La puerta estaba cerrada; sintió un horrible pinchazo en el fondo del estómago. Si ella se había encerrado por dentro era para impedirle la entrada, era porque sospechaba de él... No hubiese tenido que darle aquellos besos... Seguro que la había asustado, o que la niña había notado algo... O quizá la razón fuese más tonta y más sencilla: seguramente ella había imaginado con su ingenuidad que él se había ido a dormir a otra habitación, ni siquiera se le había pasado por sus pequeñas mientes que iba a dormir en la misma habitación que un desconocido..., sí, todavía un desconocido. De modo que el caballero llamó a la puerta, apenas consciente todavía de la intensidad de su alarma e irritación.
Oyó una brusca carcajada femenina, las repulsivas exclamaciones de los muelles de una cama, y luego el palmoteo de unos pies descalzos.
—¿Quién es? —preguntó una iracunda voz masculina—... ¿Conque se ha equivocado de habitación, eh? Pues la próxima vez no se equivoque. Hay alguien aquí que está trabajando de firme, alguien que está intentando dar lecciones a una joven que aún tiene mucho que aprender, y tiene que venir usted a interrumpirle...
Se oyó otro estallido de carcajadas, algo más alejadas que esta voz.

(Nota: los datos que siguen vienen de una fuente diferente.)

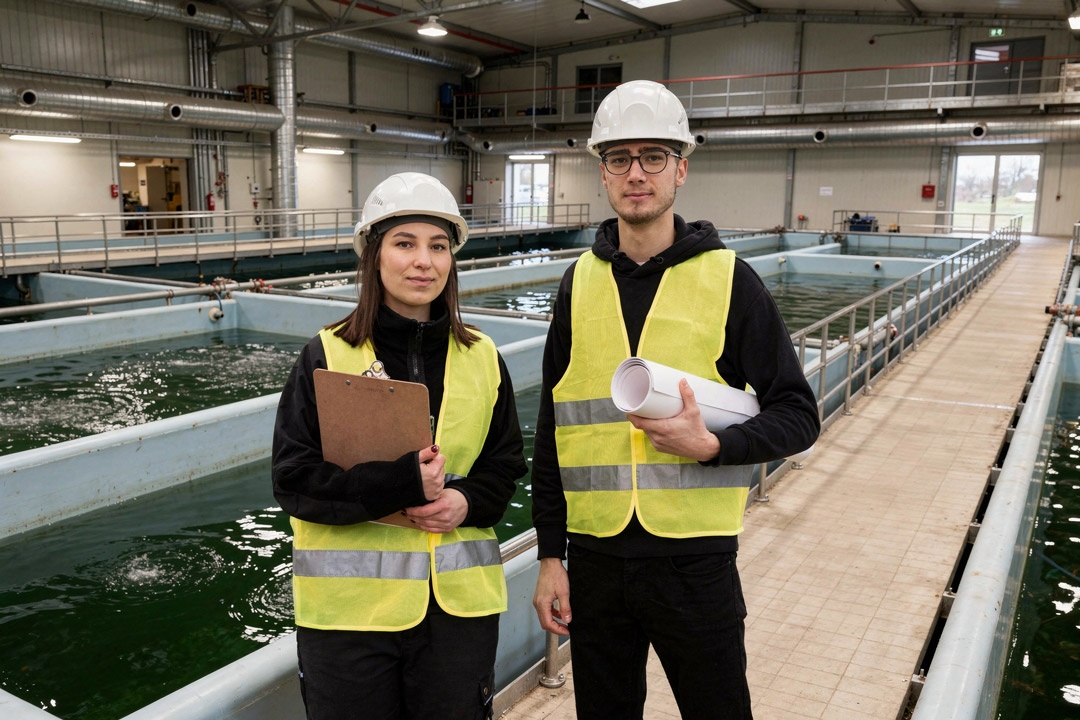 Ingenieros en piscifactoría indoor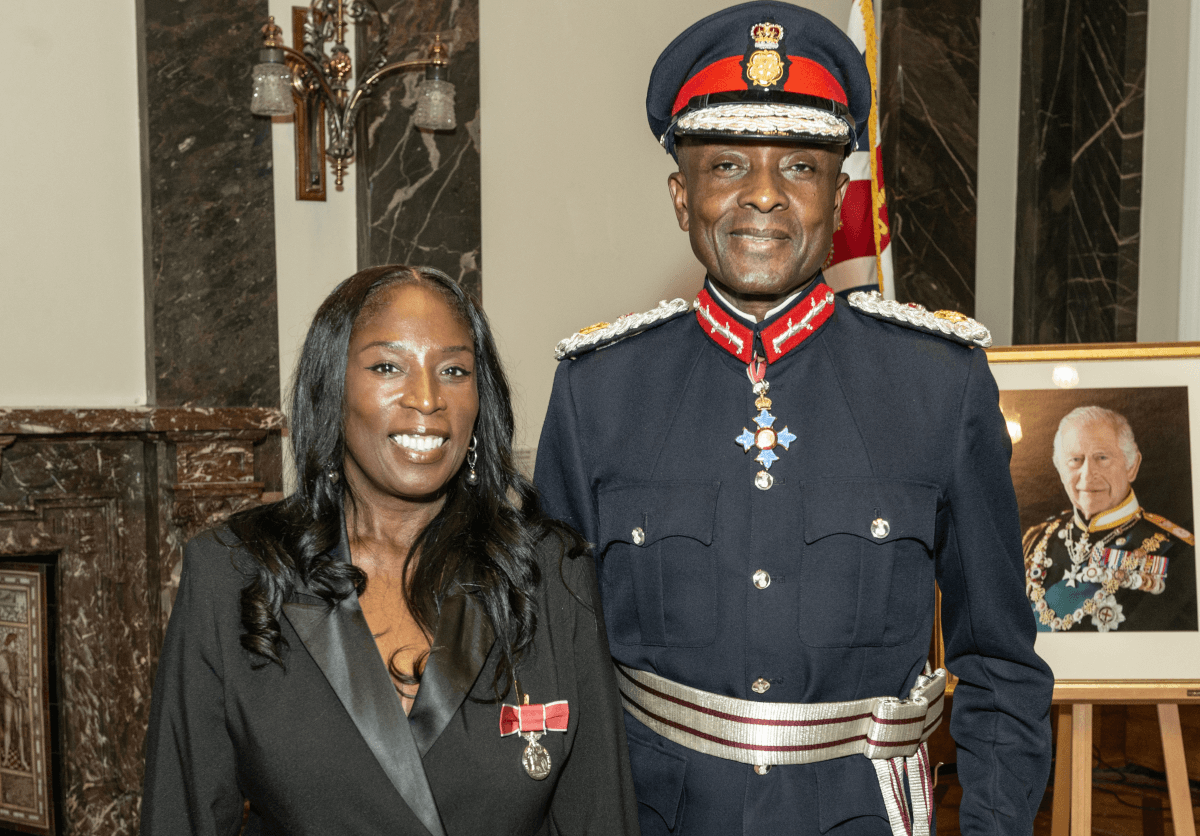 Caron Thompson BEM and Lord Lieutenant Derrick Anderson CBE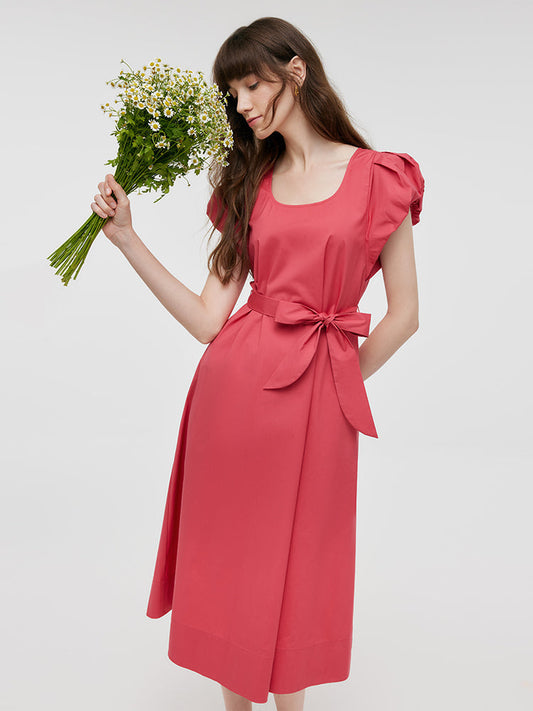 Zara | Rundes Neck Midi Kleid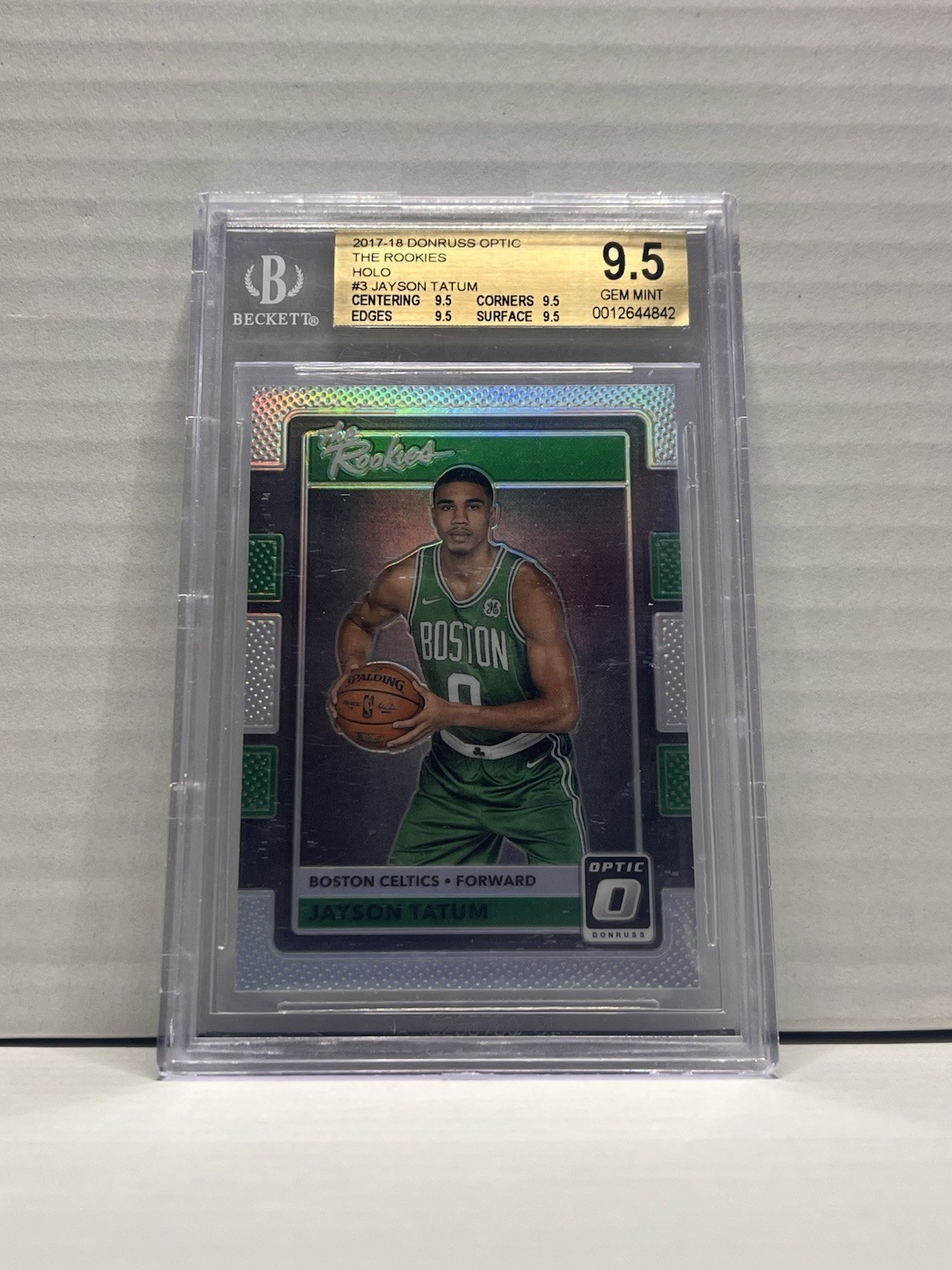 2017 Donruss Optic Jayson Tatum The Rookies Holo BGS 9.5 GREAT SUB-GRADES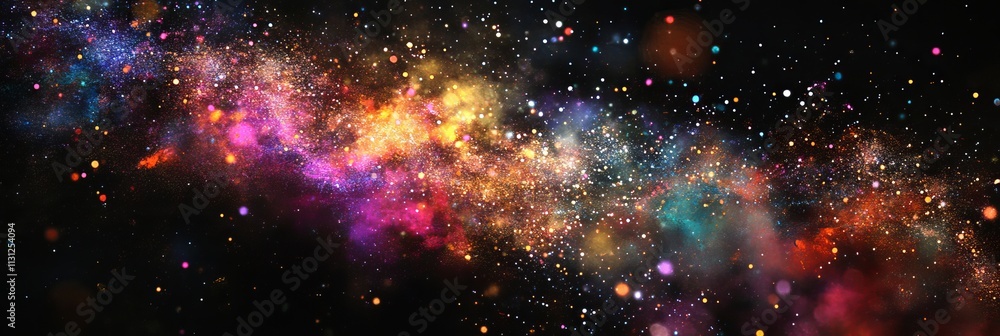 Fototapeta premium rainbow dust powder particles explosion, on black background for overlay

Una vulgar equivocación, nada más. Siguió avanzando por el pasillo, y de repente comprendió que se había confundido de piso. Volvió sobre sus pasos, dobló una esquina, dirigió una mirada perpleja a un contador que colgaba de la pared, a un lavabo sobre el que goteaba un grifo, a los zapatos marrón que alguien había dejado junto a una puerta, dobló otra esquina... ¡La escalera había desaparecido! La que encontró por fin resultó ser otra: descendió sus peldaños, pero sólo para perderse en unos trasteros débilmente iluminados, con varios baúles, y, en las esquinas, un armarito aquí, un aspirador allí, un taburete roto y el esqueleto de una cama, que se interponía a su paso con aires de fatalidad. Soltó un juramento, sacado de quicio, exasperado por estos obstáculos... Llegó por fin a una puerta y la abrió con un empujón, se dio de cabeza contra un dintel bajo, y, agachándose un poco, salió a un rincón en penumbra del vestíbulo principal, en donde, mientras se rascaba las cerdas de la mejilla, el viejo estaba estudiando su libro negro al tiempo que el gendarme roncaba en un banco, a su lado, exactamente igual que si aquello fuese el cuerpo de guardia. Obtener la información necesaria fue cuestión de un minuto, ligeramente prolongado por las disculpas del viejo.